> Data provided:

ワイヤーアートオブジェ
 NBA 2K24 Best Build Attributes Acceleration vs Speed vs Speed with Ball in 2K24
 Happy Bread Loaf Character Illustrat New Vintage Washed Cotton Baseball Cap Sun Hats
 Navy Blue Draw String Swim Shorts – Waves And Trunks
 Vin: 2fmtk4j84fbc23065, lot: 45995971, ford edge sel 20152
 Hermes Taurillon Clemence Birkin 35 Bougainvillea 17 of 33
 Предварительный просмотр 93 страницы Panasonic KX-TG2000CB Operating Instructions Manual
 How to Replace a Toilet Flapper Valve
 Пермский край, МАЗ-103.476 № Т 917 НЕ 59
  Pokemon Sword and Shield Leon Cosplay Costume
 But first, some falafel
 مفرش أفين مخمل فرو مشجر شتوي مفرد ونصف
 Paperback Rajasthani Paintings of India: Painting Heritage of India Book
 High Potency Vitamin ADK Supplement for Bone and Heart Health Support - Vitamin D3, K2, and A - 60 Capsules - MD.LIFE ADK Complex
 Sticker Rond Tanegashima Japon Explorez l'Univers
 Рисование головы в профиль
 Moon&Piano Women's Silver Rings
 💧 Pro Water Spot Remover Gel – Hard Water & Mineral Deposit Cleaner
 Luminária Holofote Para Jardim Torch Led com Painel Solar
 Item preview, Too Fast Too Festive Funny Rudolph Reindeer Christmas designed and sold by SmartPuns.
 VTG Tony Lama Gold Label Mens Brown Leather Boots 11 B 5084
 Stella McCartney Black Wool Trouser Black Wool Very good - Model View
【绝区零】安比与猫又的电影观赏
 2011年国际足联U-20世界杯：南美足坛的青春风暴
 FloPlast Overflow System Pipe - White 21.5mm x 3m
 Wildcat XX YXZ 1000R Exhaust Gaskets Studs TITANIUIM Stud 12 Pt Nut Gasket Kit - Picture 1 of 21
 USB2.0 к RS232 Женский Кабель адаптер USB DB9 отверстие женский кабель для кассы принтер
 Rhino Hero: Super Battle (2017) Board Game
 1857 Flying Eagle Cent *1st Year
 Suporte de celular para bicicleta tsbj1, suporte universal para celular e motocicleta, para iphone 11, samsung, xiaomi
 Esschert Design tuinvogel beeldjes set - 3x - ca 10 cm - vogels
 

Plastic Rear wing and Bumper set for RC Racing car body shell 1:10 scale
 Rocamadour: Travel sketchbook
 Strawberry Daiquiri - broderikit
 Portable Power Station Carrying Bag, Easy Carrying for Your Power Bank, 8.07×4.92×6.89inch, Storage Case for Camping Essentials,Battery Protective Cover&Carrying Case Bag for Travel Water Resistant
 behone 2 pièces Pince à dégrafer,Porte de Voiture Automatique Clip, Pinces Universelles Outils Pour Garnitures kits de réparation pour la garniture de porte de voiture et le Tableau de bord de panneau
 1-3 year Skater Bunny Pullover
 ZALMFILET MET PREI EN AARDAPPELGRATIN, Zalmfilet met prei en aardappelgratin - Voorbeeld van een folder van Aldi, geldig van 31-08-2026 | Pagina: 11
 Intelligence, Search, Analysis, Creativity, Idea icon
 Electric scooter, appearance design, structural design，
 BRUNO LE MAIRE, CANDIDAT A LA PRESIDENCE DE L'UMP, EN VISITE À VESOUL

> What you should do: The records above must be reproduced word for word.

> Solution:
ワイヤーアートオブジェ
 NBA 2K24 Best Build Attributes Acceleration vs Speed vs Speed with Ball in 2K24
 Happy Bread Loaf Character Illustrat New Vintage Washed Cotton Baseball Cap Sun Hats
 Navy Blue Draw String Swim Shorts – Waves And Trunks
 Vin: 2fmtk4j84fbc23065, lot: 45995971, ford edge sel 20152
 Hermes Taurillon Clemence Birkin 35 Bougainvillea 17 of 33
 Предварительный просмотр 93 страницы Panasonic KX-TG2000CB Operating Instructions Manual
 How to Replace a Toilet Flapper Valve
 Пермский край, МАЗ-103.476 № Т 917 НЕ 59
  Pokemon Sword and Shield Leon Cosplay Costume
 But first, some falafel
 مفرش أفين مخمل فرو مشجر شتوي مفرد ونصف
 Paperback Rajasthani Paintings of India: Painting Heritage of India Book
 High Potency Vitamin ADK Supplement for Bone and Heart Health Support - Vitamin D3, K2, and A - 60 Capsules - MD.LIFE ADK Complex
 Sticker Rond Tanegashima Japon Explorez l'Univers
 Рисование головы в профиль
 Moon&Piano Women's Silver Rings
 💧 Pro Water Spot Remover Gel – Hard Water & Mineral Deposit Cleaner
 Luminária Holofote Para Jardim Torch Led com Painel Solar
 Item preview, Too Fast Too Festive Funny Rudolph Reindeer Christmas designed and sold by SmartPuns.
 VTG Tony Lama Gold Label Mens Brown Leather Boots 11 B 5084
 Stella McCartney Black Wool Trouser Black Wool Very good - Model View
【绝区零】安比与猫又的电影观赏
 2011年国际足联U-20世界杯：南美足坛的青春风暴
 FloPlast Overflow System Pipe - White 21.5mm x 3m
 Wildcat XX YXZ 1000R Exhaust Gaskets Studs TITANIUIM Stud 12 Pt Nut Gasket Kit - Picture 1 of 21
 USB2.0 к RS232 Женский Кабель адаптер USB DB9 отверстие женский кабель для кассы принтер
 Rhino Hero: Super Battle (2017) Board Game
 1857 Flying Eagle Cent *1st Year
 Suporte de celular para bicicleta tsbj1, suporte universal para celular e motocicleta, para iphone 11, samsung, xiaomi
 Esschert Design tuinvogel beeldjes set - 3x - ca 10 cm - vogels
 

Plastic Rear wing and Bumper set for RC Racing car body shell 1:10 scale
 Rocamadour: Travel sketchbook
 Strawberry Daiquiri - broderikit
 Portable Power Station Carrying Bag, Easy Carrying for Your Power Bank, 8.07×4.92×6.89inch, Storage Case for Camping Essentials,Battery Protective Cover&Carrying Case Bag for Travel Water Resistant
 behone 2 pièces Pince à dégrafer,Porte de Voiture Automatique Clip, Pinces Universelles Outils Pour Garnitures kits de réparation pour la garniture de porte de voiture et le Tableau de bord de panneau
 1-3 year Skater Bunny Pullover
 ZALMFILET MET PREI EN AARDAPPELGRATIN, Zalmfilet met prei en aardappelgratin - Voorbeeld van een folder van Aldi, geldig van 31-08-2026 | Pagina: 11
 Intelligence, Search, Analysis, Creativity, Idea icon
 Electric scooter, appearance design, structural design，
 BRUNO LE MAIRE, CANDIDAT A LA PRESIDENCE DE L'UMP, EN VISITE À VESOUL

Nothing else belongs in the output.